═════ MATERIALS PROVIDED
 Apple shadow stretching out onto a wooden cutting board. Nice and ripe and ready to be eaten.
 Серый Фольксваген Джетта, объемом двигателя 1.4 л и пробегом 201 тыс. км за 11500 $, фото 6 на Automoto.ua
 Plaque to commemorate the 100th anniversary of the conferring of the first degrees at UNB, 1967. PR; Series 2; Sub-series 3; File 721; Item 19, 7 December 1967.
══════════
═════ MATERIALS PROVIDED
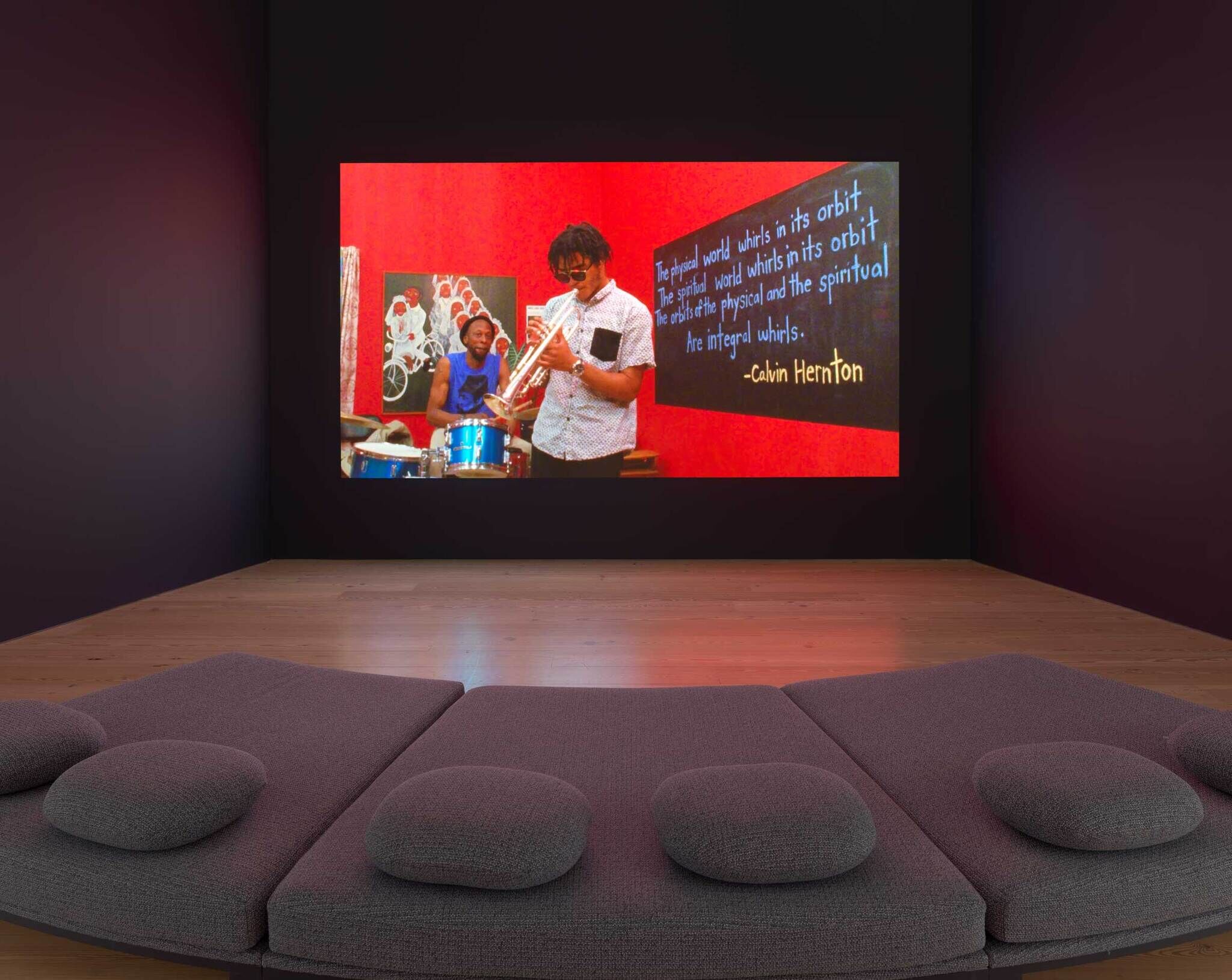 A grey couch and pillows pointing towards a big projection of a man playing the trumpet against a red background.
══════════
═════ MATERIALS PROVIDED
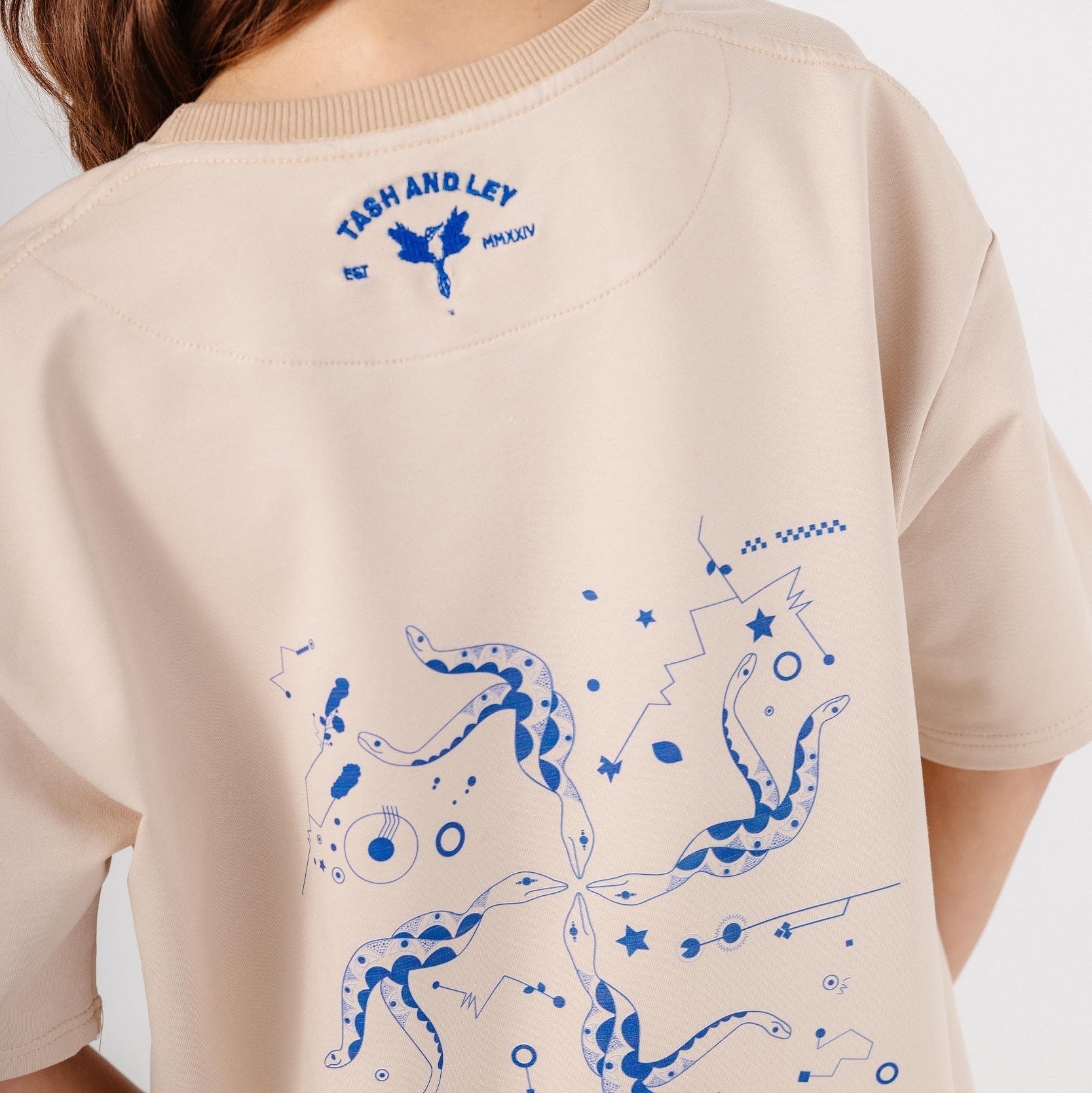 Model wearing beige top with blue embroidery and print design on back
══════════
From the data above, output exactly the lines between the one containing "Apple shadow stretching" and the one containing "Plaque to commemorate", counting both of them.

**REPLY TO THE EXERCISE**
 Apple shadow stretching out onto a wooden cutting board. Nice and ripe and ready to be eaten.
 Серый Фольксваген Джетта, объемом двигателя 1.4 л и пробегом 201 тыс. км за 11500 $, фото 6 на Automoto.ua
 Plaque to commemorate the 100th anniversary of the conferring of the first degrees at UNB, 1967. PR; Series 2; Sub-series 3; File 721; Item 19, 7 December 1967.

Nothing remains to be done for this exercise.